### Task to complete
Transcribe the listing in full. Keep every line exactly as it stands.

### Records
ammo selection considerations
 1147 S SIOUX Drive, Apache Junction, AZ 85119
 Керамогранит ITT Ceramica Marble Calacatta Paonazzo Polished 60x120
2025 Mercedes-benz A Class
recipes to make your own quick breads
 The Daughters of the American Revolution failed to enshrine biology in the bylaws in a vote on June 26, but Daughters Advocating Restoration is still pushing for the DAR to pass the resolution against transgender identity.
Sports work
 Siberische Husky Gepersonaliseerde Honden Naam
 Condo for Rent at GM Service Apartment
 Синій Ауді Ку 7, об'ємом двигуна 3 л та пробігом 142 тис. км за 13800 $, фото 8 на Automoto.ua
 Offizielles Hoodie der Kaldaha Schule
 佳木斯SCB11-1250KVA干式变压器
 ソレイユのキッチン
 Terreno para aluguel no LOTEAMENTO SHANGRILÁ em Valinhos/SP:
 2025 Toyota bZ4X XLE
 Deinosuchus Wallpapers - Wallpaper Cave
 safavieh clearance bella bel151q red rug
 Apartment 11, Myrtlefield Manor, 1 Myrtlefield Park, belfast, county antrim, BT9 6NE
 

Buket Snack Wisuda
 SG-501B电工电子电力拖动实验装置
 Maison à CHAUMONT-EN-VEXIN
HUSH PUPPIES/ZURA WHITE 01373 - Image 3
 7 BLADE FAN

### Exercise answer
ammo selection considerations
 1147 S SIOUX Drive, Apache Junction, AZ 85119
 Керамогранит ITT Ceramica Marble Calacatta Paonazzo Polished 60x120
2025 Mercedes-benz A Class
recipes to make your own quick breads
 The Daughters of the American Revolution failed to enshrine biology in the bylaws in a vote on June 26, but Daughters Advocating Restoration is still pushing for the DAR to pass the resolution against transgender identity.
Sports work
 Siberische Husky Gepersonaliseerde Honden Naam
 Condo for Rent at GM Service Apartment
 Синій Ауді Ку 7, об'ємом двигуна 3 л та пробігом 142 тис. км за 13800 $, фото 8 на Automoto.ua
 Offizielles Hoodie der Kaldaha Schule
 佳木斯SCB11-1250KVA干式变压器
 ソレイユのキッチン
 Terreno para aluguel no LOTEAMENTO SHANGRILÁ em Valinhos/SP:
 2025 Toyota bZ4X XLE
 Deinosuchus Wallpapers - Wallpaper Cave
 safavieh clearance bella bel151q red rug
 Apartment 11, Myrtlefield Manor, 1 Myrtlefield Park, belfast, county antrim, BT9 6NE
 

Buket Snack Wisuda
 SG-501B电工电子电力拖动实验装置
 Maison à CHAUMONT-EN-VEXIN
HUSH PUPPIES/ZURA WHITE 01373 - Image 3
 7 BLADE FAN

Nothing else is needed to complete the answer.